There are picture books for littler kids and novels for grown-ups, but it can sometimes feel like chapter books with an art-historical slant are few and far-between. Yes, there are classics like From the Mixed-Up Files of Mrs. Basil E. Frankweiler and the Chasing Vermeer series, but sometimes the quieter chapter books (like The Outcasts of 19 Schuyler Place) don’t get as much love.
Which is why we’re sharing today’s Art Read with you. The Gallery by Laura Marx Fitzgerald is a thrilling middle-grade read, taking readers on an art-historical Jazz Age adventure inspired by true events. Published in 2016, it’s a wonderful new addition to our Art Reads for Kids.

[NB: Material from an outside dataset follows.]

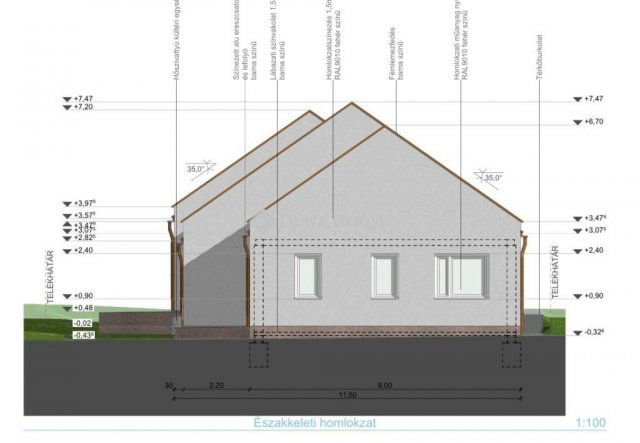 Eladó ikerház, Veresegyházon 120 M Ft, 4 szobás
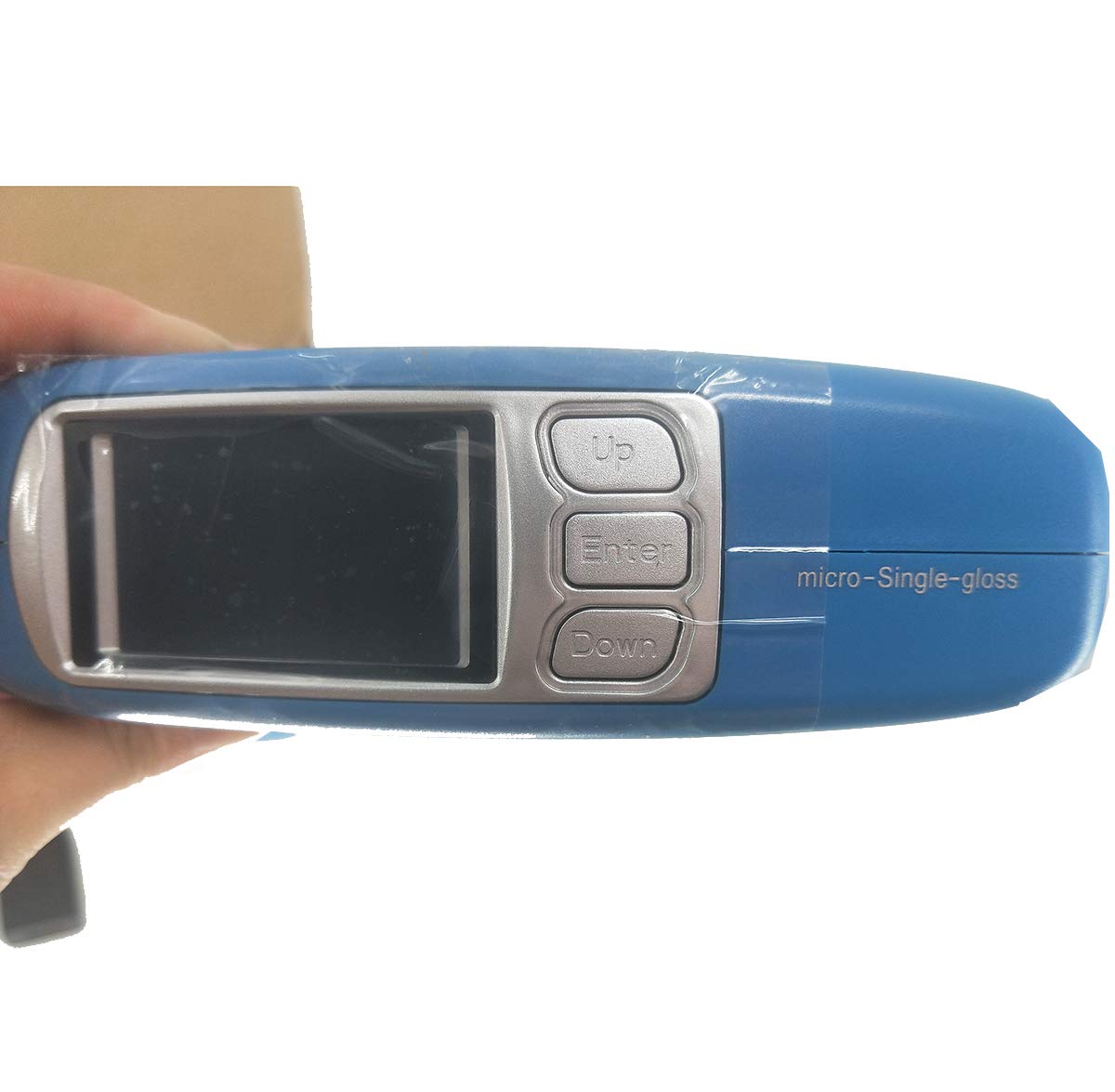 60 Degree Gloss Meter Single Angle Glossmeter for Paint Plastic Ceramics with Measuring Range 0 to 1000GU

The Gallery‘s story begins differently than you might expect–with its main character’s hundredth birthday. Martha O’Doyle is visited by a reporter looking for a human interest story. The reporter shows Martha an old newspaper cutting about the explosion that killed Martha’s former millionaire employer and his wife to try and get Martha to start talking. The old paper has the story all wrong, and Martha realizes her chances to tell her side of the story are growing slimmer as she ages.
We’re then send back to 1928, when Martha was twelve years old. As a punishment for neglecting her studies at school, Martha’s mother makes Martha join her at her work–which just so happens to be as a maid for the illustrious newspaper magnate Mr. J. Archer Sewell. A Hearst-like character, Mr. Sewell is every bit the “new money” newspaperman, and his sermonizing about plucking oneself up by their bootstraps quickly gets on Martha’s nerves, as she notices the gulf between Mr. Sewell’s wealth and that of herself and the other household servants. Martha soon discovers that the mysterious Mrs. Rose Sewell, who she’s never seen, is an invalid.
Martha grows increasingly fascinated with finding out as much as she can about Rose–mainly due to Rose’s paintings. Rose had her own fortune far before she married Mr. Sewell, and used her money to put together a showstopping art collection. Now, though, she insists that most of the paintings be kept in her rooms with her–except for a small collection downstairs. As the story progresses, Martha tries to figure out just what Rose is trying to communicate through her placement of certain paintings in the common areas…and what that might say about her mental state, her husband, and a whole lot of other things. With her clever determination and wry dashes of humor, Martha is a narrator that is easy for any reader to connect with.
As Martha does her detective work, we’re taken along for an art-historical journey through common scenes and motifs. Famously-depicted scenes like Persephone’s abduction, Sophonisba’s choice of death rather than imprisonment, Bacchus’ revels, and Judith’s murder of Holofernes all have a home on Rose’s walls–and thus, are stories that Martha researches in order to piece together her understanding of Rose’s situation. Marx Fitzgerald also deftly incorporates historical events into her story to move it along, including its backdrop of Prohibition, the hubbub surrounding the 1928 presidential election, outcry over the execution of supposed anarchist robbers Sacco and Vanzetti, the decline of vaudeville performers, and so much more.
All these elements are cleverly combined to create a quickly-moving tale that’s sure to suck in any late-elementary-to-early-middle-grade reader with an interest in art, history, or both. Whether or not art history is what draws young readers to the book, they’ll learn about the power of art and stories have to change someone’s world. And so it seems appropriate to end with a quote from the book: “Hasn’t the world always been full of monsters and lies? Isn’t it our place to fight them, to tell the truth, to rewrite the story?”